2 Plans towards a programming language

Well-known concepts are taken from [Mon:MatLog], but several new notations (only notations, not concepts) are introduced to reflect all concepts described in [Mon:MatLog], and some simplification are made (by allowing zero-arity generalizations). These are plans to achive formalizations that can allow us in the future to incarnate the main concepts of recursive function theory in a programming language.

3 Primitive recursive functions

3.1 Type system

$\left\lfloor0\right\rfloor = \mathbb N$

$\begin{matrix}\left\lfloor n + 1\right\rfloor = \underbrace{\mathbb N\times\dots\times\mathbb N}\to\mathbb N\\\;\;\;\;\;\;\;\;n+1\end{matrix}$

3.2 Base functions

3.2.1 Constant

$\mathbf 0 : \left\lfloor0\right\rfloor$

$\mathbf 0 = 0$

Question: is the well-known $\mathbf{zero}\;x = 0$ approach superfluous? Can we avoid it and use the more simple and indirect $\mathbf{0} = 0$ approach?

Are these approaches equivalent? Is the latter (more simple) one as powerful as the former one? Could we define a $\mathbf{zero}\;x = 0$ using the $\mathbf{0} = 0$ approach? Let us try:

$\mathbf{zero} = \underline\mathbf K^0_1 \mathbf0$

This looks like working, but raises new questions: what about generalizing operations (here composition) to deal with zero-arity cases in an appropriate way?

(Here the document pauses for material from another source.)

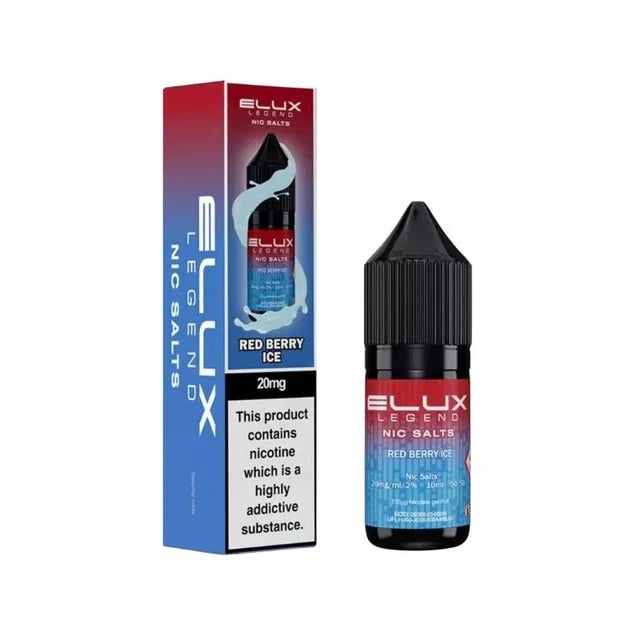 Elux Legend Red Berry Ice nic salt e-liquid 10ml bottle, 10mg and 20mg strengths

E.g.

$\underline\mathbf\dot K^0_n c\left\langle\right\rangle$

$\underline\mathbf K^0_n c$

where $c : \left\lfloor0\right\rfloor, n \in \mathbb N$ can be regarded as $n$ -ary functions throwing all their $n$ arguments away and returning $c$ .

Does it take a generalization to allow such cases, or can it be inferred?

3.2.2 Successor function

$\mathbf s : \left\lfloor1\right\rfloor$

$\mathbf s = \lambda x . x + 1$

3.2.3 Projection functions

For all $0\leq i<m$ :

$\mathbf U^m_i : \left\lfloor m\right\rfloor$

$\mathbf U^m_i x_0\dots x_i \dots x_{m-1} = x_i$

3.3 Operations

3.3.1 Composition

$\underline\mathbf\dot K^m_n : \left\lfloor m\right\rfloor \times \left\lfloor n\right\rfloor^m \to \left\lfloor n\right\rfloor$

$\underline\mathbf\dot K^m_n f \left\langle g_0,\dots, g_{m-1}\right\rangle x_0 \dots x_{n-1} = f \left(g_0 x_0 \dots x_{n-1}\right) \dots \left(g_{m-1} x_0 \dots x_{n-1}\right)$

This resembles to the $\mathbf\Phi^n_m$ combinator of Combinatory logic (as described in [HasFeyCr:CombLog1, 171]). If we prefer avoiding the notion of the nested tuple, and use a more homogenous style (somewhat resembling to currying):

$\begin{matrix}\underline\mathbf K^m_n : \left\lfloor m\right\rfloor \times \underbrace{\left\lfloor n\right\rfloor\times\dots\times\left\lfloor n\right\rfloor} \to \left\lfloor n\right\rfloor\\\;\;\;\;\;\;\;\;\;\;m\end{matrix}$

Let underbrace not mislead us -- it does not mean any bracing.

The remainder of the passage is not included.